• _Problem to solve_: Reproduce everything from the line that contains "- BMW - Acabamentos" down to the line that contains "Proserpine Motor Lodge Екстериор снимка" in the listing below, word for word and nothing more. Leave the pictures out.

• _Provided information_:
━━━━

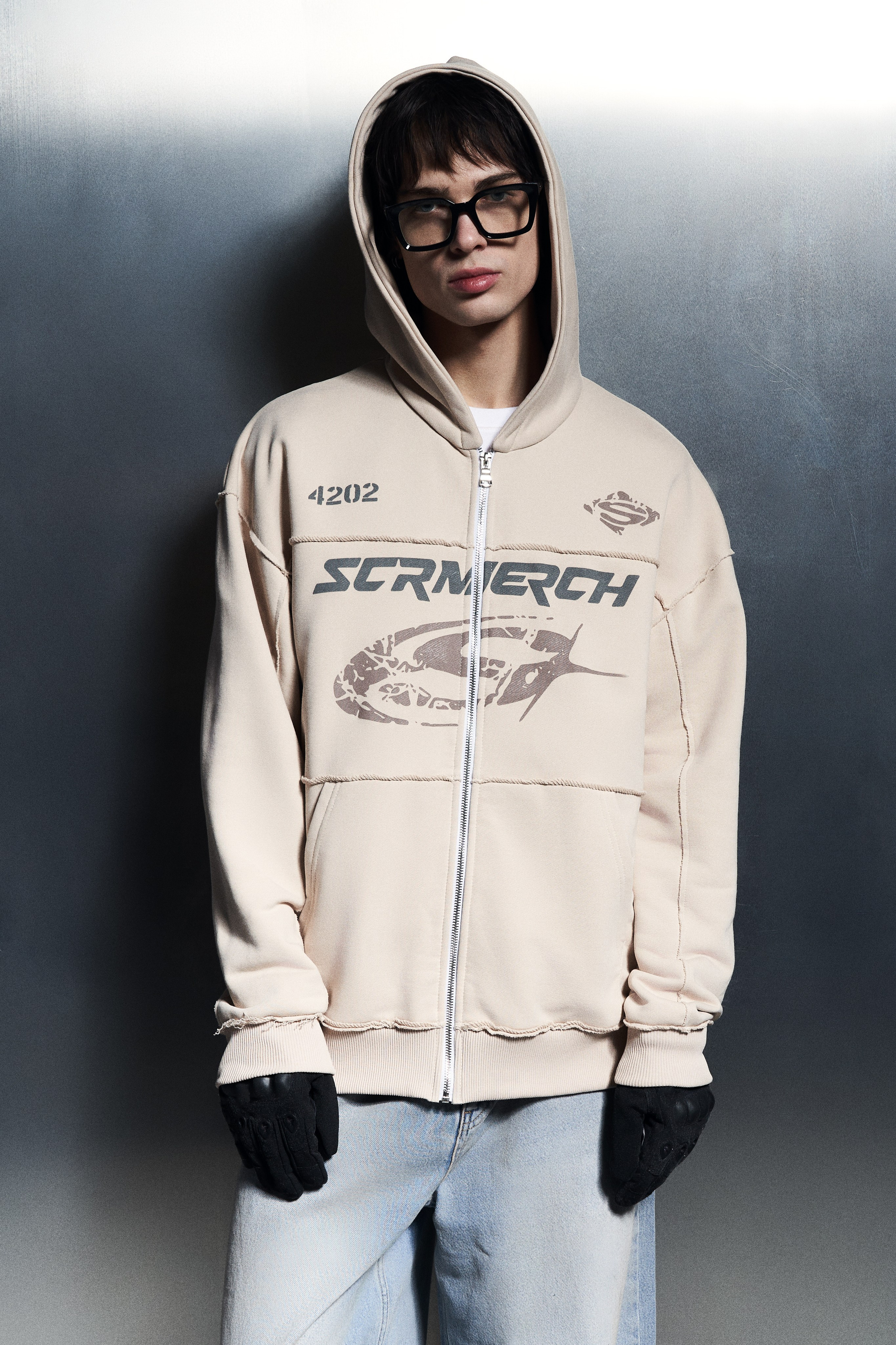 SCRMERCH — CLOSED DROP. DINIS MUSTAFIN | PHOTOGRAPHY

━━━━

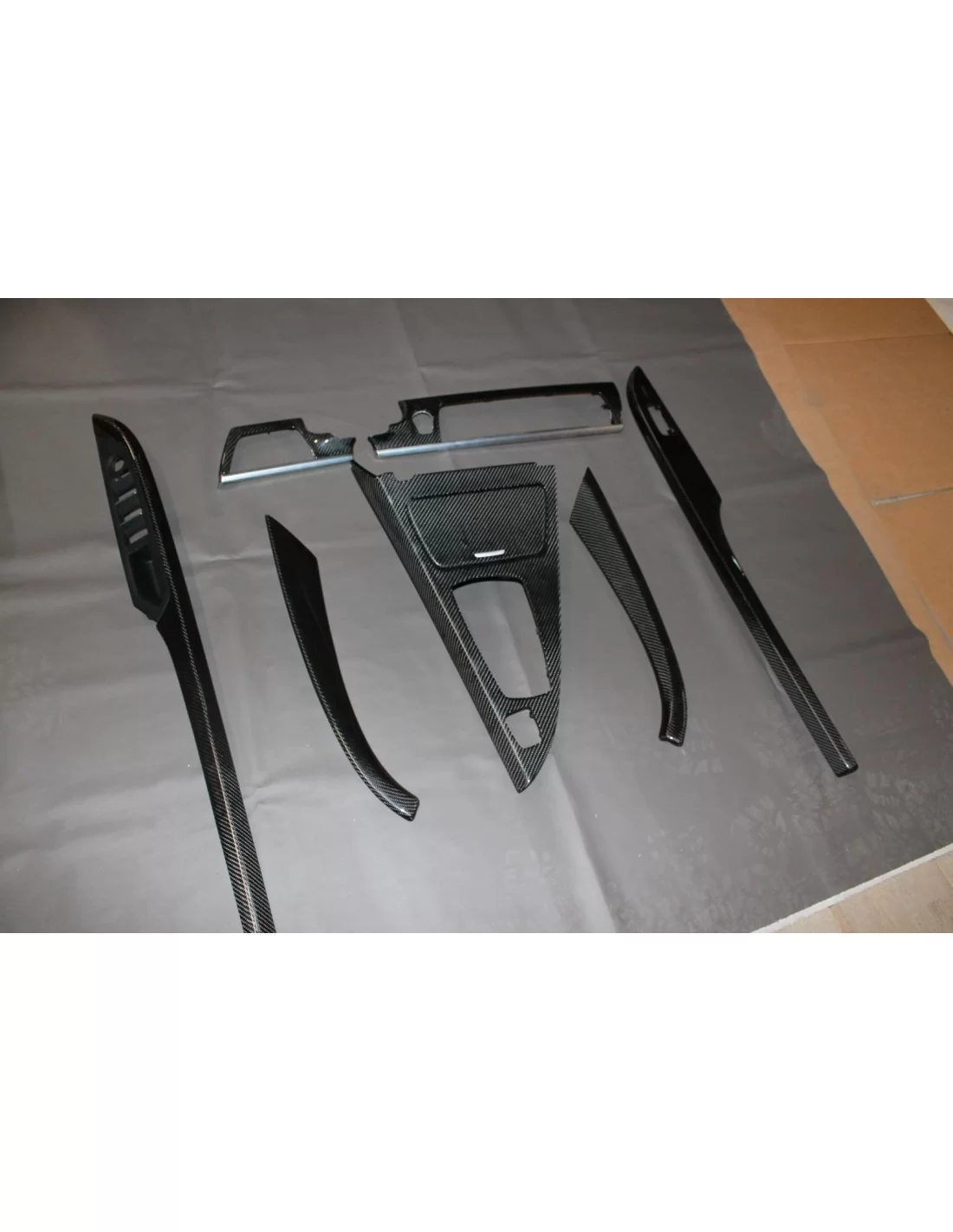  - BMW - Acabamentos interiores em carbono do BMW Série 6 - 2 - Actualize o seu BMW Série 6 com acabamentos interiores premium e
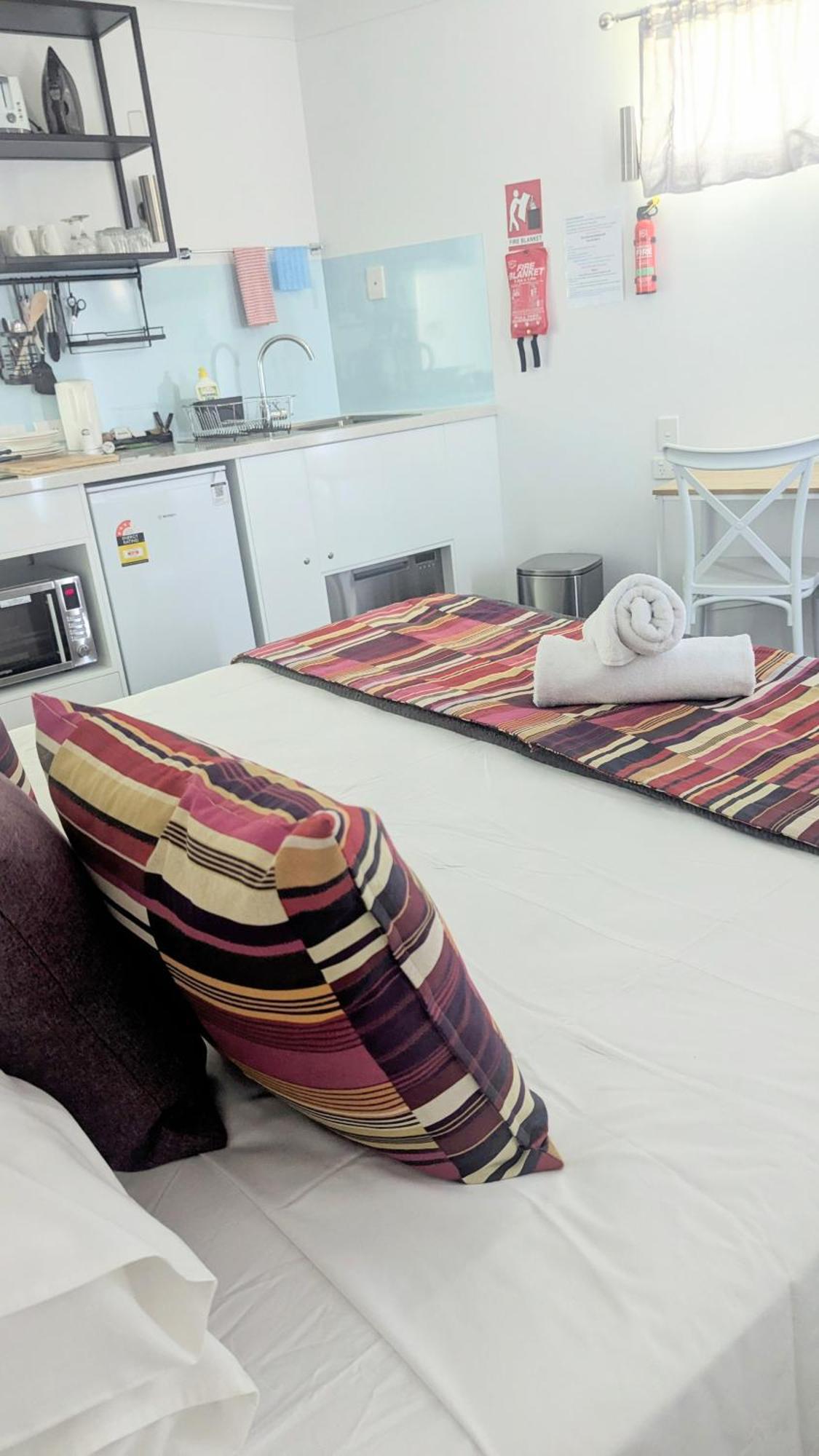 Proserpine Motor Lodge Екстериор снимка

━━━━

• _Answer space_:
  - BMW - Acabamentos interiores em carbono do BMW Série 6 - 2 - Actualize o seu BMW Série 6 com acabamentos interiores premium e
 Proserpine Motor Lodge Екстериор снимка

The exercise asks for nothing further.